BEGIN

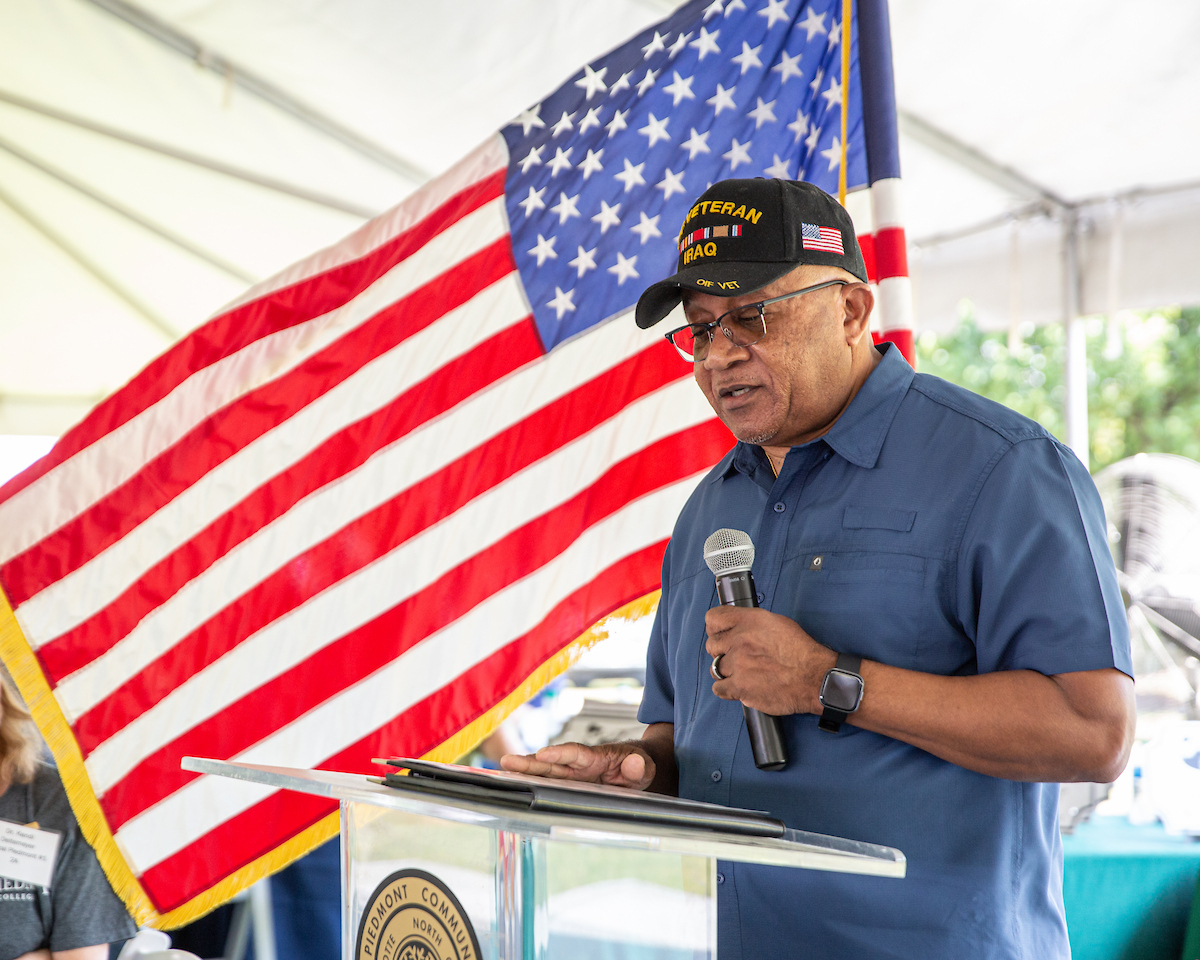 US veteran speaking into microphone at lectern with large American flag waving closely in background.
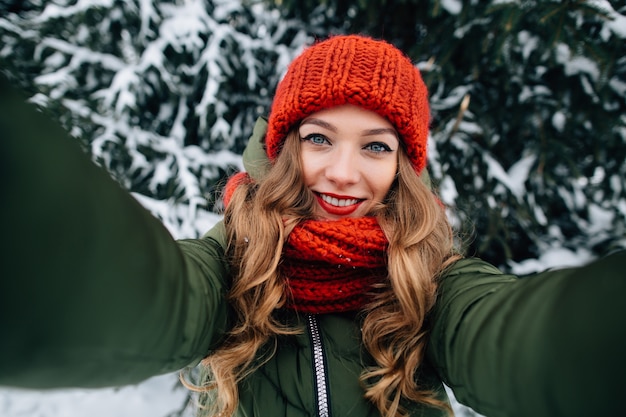 La giovane bella ragazza felice in cappello e sciarpa tricottati inverno rosso prende il selfie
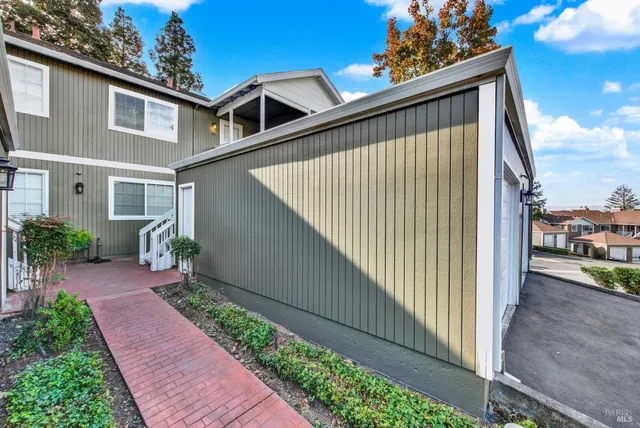 a terrace view with glass windows and garden view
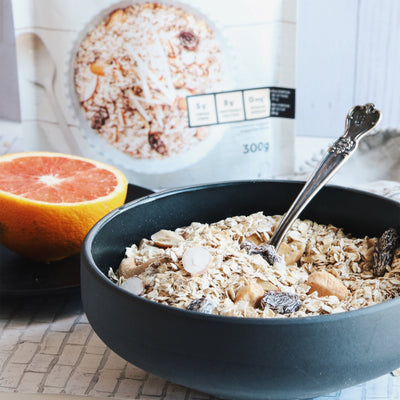 Photo d'un bol contenant du müesli de type Suisse. avec une cuillère et un pamplemousse en arrière près de l'emballage du müesli. Photograph of a bowl full of swiss style muesli, with a spoon in it. There is a grapefruit and the packaging of the muesli in the background. Repas surgelés adaptés aux personne diabétiques, souffrant d'hypercholestérolémie et d'hypertension artérielle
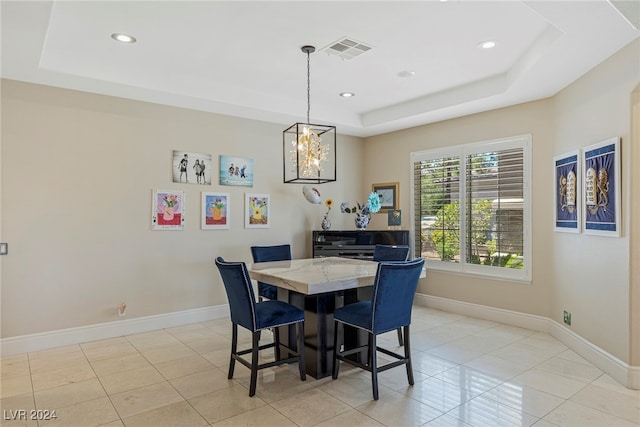 dining area featuring light tile patterned floors, a tray ceiling, and an inviting chandelier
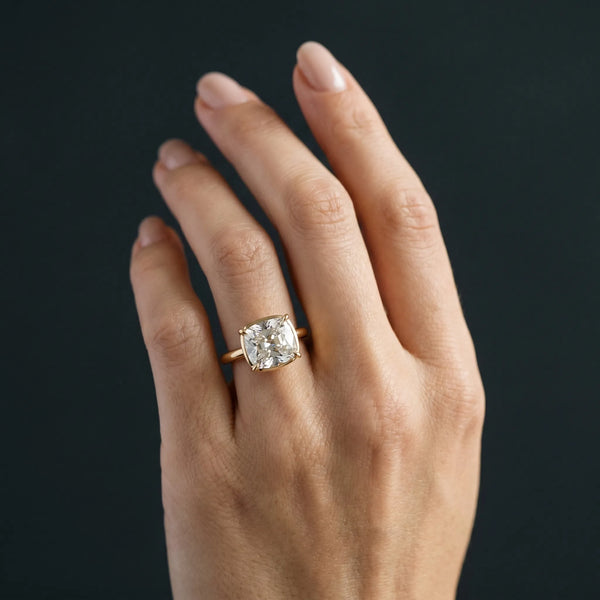 Yellow gold Old Mine Elongated Cushion Diamond East-West Bezel Set Four Claw Solitaire Ring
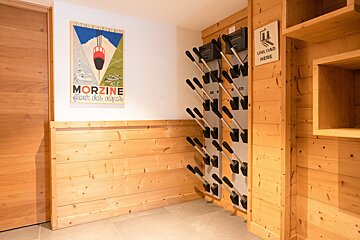 A cozy ski room with wooden paneling, a vintage Morzine poster, and a wall-mounted ski boot drying rack with an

END

DIRECTIONS FOR THIS TASK: From the listing above, repeat only the lines between the line containing "La giovane bella" and the line containing "dining area featuring", those two included. Pictures are not part of the copy.

RESULT OF THE TASK:
 La giovane bella ragazza felice in cappello e sciarpa tricottati inverno rosso prende il selfie
 a terrace view with glass windows and garden view
 Photo d'un bol contenant du müesli de type Suisse. avec une cuillère et un pamplemousse en arrière près de l'emballage du müesli. Photograph of a bowl full of swiss style muesli, with a spoon in it. There is a grapefruit and the packaging of the muesli in the background. Repas surgelés adaptés aux personne diabétiques, souffrant d'hypercholestérolémie et d'hypertension artérielle
 dining area featuring light tile patterned floors, a tray ceiling, and an inviting chandelier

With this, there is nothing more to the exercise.